Ultimately, the reality of transformation may be mundane: actions that appear incremental may push an urban system towards a fundamentally different state in the future. For instance, as London works to reach ambitious climate change mitigation targets, it has chosen to engage directly with small- and medium-sized enterprises as a key set of actors, although predominantly in an incremental manner. It remains to be seen whether this approach will be scaled up and out in a way that might have a more fundamental impact on emissions, especially at the global level. Leadership on the part of the mayor has always been instrumental in London’s case, as has been the availability of grants from the European Union, but many SMEs nonetheless suffer from capacity barriers that prevent equitable or pervasive uptake of opportunities offered by government
The case of Manizales, among others, demonstrates that a significant opportunity is missed by sustainability transitions scholarship that only addresses sociotechnical innovation in industrialized cities.
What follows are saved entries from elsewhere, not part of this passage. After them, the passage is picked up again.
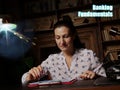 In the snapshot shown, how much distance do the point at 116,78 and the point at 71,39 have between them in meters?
1.01

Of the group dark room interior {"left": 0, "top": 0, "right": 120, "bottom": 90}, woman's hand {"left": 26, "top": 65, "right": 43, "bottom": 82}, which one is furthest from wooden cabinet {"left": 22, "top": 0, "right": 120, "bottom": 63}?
woman's hand {"left": 26, "top": 65, "right": 43, "bottom": 82}

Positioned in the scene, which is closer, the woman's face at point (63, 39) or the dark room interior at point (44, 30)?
the woman's face at point (63, 39)

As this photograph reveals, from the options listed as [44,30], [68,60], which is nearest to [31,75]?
[68,60]

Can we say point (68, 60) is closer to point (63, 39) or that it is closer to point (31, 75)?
point (63, 39)

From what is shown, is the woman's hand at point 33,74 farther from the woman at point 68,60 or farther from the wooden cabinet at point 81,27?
the wooden cabinet at point 81,27

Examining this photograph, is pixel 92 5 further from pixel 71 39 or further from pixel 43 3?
pixel 71 39

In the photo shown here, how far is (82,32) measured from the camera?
3.82 metres

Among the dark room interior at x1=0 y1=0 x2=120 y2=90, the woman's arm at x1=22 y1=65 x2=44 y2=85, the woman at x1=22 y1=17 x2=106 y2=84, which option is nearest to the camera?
the woman's arm at x1=22 y1=65 x2=44 y2=85

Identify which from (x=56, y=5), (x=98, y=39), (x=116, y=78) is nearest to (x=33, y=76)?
(x=116, y=78)

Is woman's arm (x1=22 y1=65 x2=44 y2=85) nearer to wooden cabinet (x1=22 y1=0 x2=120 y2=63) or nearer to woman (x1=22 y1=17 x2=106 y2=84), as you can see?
woman (x1=22 y1=17 x2=106 y2=84)

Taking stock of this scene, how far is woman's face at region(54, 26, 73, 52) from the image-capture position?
1849 millimetres

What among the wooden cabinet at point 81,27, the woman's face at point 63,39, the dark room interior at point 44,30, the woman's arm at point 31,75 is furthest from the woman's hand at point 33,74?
the wooden cabinet at point 81,27

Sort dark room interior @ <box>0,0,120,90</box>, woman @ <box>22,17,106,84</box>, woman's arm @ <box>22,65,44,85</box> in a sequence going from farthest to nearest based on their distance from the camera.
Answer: dark room interior @ <box>0,0,120,90</box>, woman @ <box>22,17,106,84</box>, woman's arm @ <box>22,65,44,85</box>

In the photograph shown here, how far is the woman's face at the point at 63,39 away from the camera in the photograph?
185 centimetres
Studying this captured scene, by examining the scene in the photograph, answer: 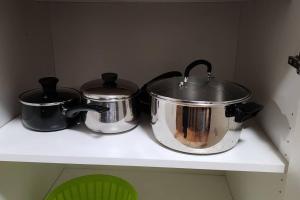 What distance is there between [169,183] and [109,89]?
0.50 m

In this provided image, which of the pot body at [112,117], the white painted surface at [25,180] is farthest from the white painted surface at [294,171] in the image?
the white painted surface at [25,180]

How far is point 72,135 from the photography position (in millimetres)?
733

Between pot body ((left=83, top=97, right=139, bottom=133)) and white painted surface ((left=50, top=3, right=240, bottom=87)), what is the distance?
298mm

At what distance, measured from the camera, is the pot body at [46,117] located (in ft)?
2.36

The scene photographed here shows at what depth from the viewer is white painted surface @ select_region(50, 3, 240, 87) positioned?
95 centimetres

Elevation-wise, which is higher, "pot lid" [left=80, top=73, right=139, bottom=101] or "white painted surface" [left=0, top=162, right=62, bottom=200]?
"pot lid" [left=80, top=73, right=139, bottom=101]

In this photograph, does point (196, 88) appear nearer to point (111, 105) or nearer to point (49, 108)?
point (111, 105)

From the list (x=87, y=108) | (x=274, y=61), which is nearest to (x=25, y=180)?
(x=87, y=108)

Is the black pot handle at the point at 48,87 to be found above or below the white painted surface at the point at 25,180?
above

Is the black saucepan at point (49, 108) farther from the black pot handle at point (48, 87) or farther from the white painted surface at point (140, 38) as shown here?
the white painted surface at point (140, 38)

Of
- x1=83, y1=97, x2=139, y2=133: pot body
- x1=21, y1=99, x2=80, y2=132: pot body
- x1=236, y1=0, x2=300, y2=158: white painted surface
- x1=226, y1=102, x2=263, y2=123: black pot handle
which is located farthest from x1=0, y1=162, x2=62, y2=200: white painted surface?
x1=236, y1=0, x2=300, y2=158: white painted surface

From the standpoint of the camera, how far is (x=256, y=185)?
30.6 inches

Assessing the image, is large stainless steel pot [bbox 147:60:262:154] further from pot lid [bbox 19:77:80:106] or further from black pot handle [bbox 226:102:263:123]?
pot lid [bbox 19:77:80:106]

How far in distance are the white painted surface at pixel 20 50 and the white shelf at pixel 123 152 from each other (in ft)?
0.33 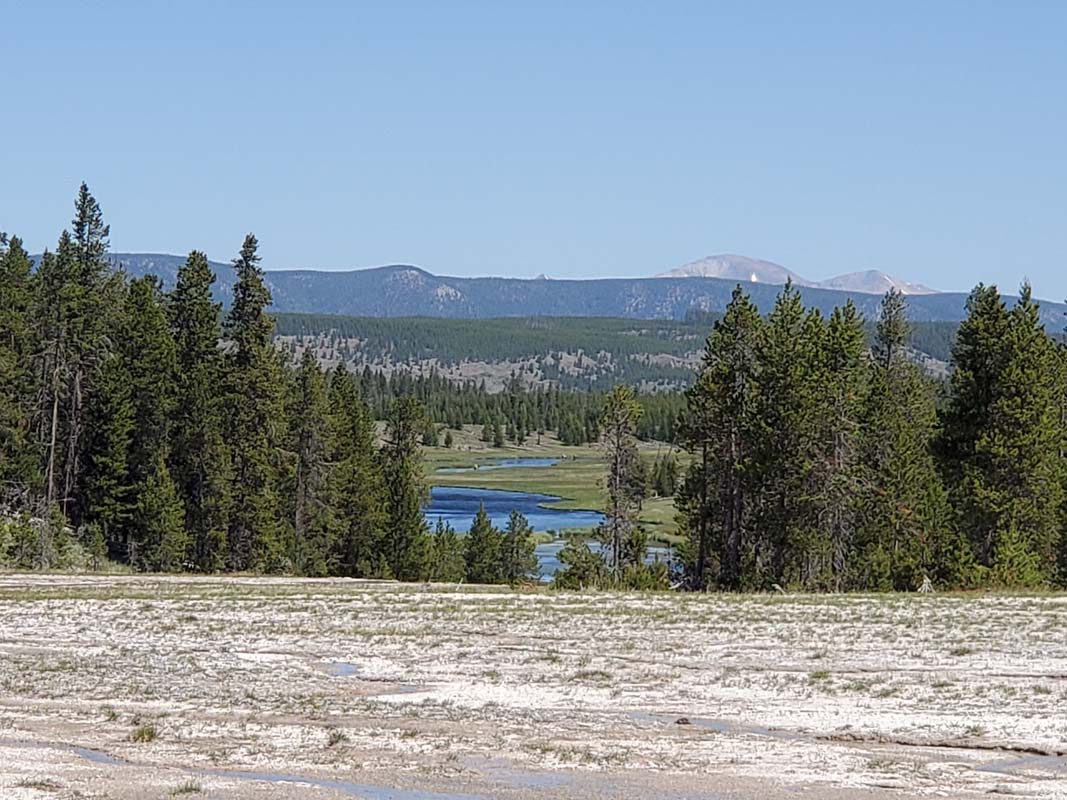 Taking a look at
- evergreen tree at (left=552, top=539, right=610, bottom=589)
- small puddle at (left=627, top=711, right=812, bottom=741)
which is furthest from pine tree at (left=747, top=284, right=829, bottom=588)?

In this case, the push to mitigate risk and manage vulnerability to climate change impacts presents the chance to build social equity, public participation, and alleviate poverty. In direct contrast to the New York case, government-directed regulation was less favorable than approaches led by civil society and private sector partners in Manizales. However, experiments in Manizales have not been able to effect the systemic change necessary to move the city to a more sustainable urban development trajectory. This illustrates the power of structural development dynamics, which can promote or prevent profound changes from within urban regimes.
As it may only be possible to recognize both local and global transformations with the benefit of hindsight, it is important to more rigorously explore and test early indicators of transformation. These indicators allow urban decision-makers, scholars, and practitioners to adaptively manage these complex socioecological systems, strengthen engagement with diverse actors, and reorient when necessary. It is clear that small changes (for instance, adjustments to building codes, job descriptions, and funding mechanisms) may gain momentum and influence over time, with powerful implications for an increasingly urbanized planet.
Ultimately, sustainability transformations may follow many paths, from the gradual reorientation of the system through accumulated incremental actions, to radical shifts or shocks that give rise to a nonlinear system shift. In a post–Paris Agreement world, it is the task of urban scholars to cast their conceptual and empirical nets widely, to explicitly acknowledge the complex politics of urban innovation, to explore models of governance that are inclusive and adaptable, and to delve into the power of a multitude of actors to effect change.
1 We view collaboration and contestation not as diametrically opposed processes, but rather two dynamics that often simultaneously occur in urban spaces as various actors work together to navigate sustainability transitions.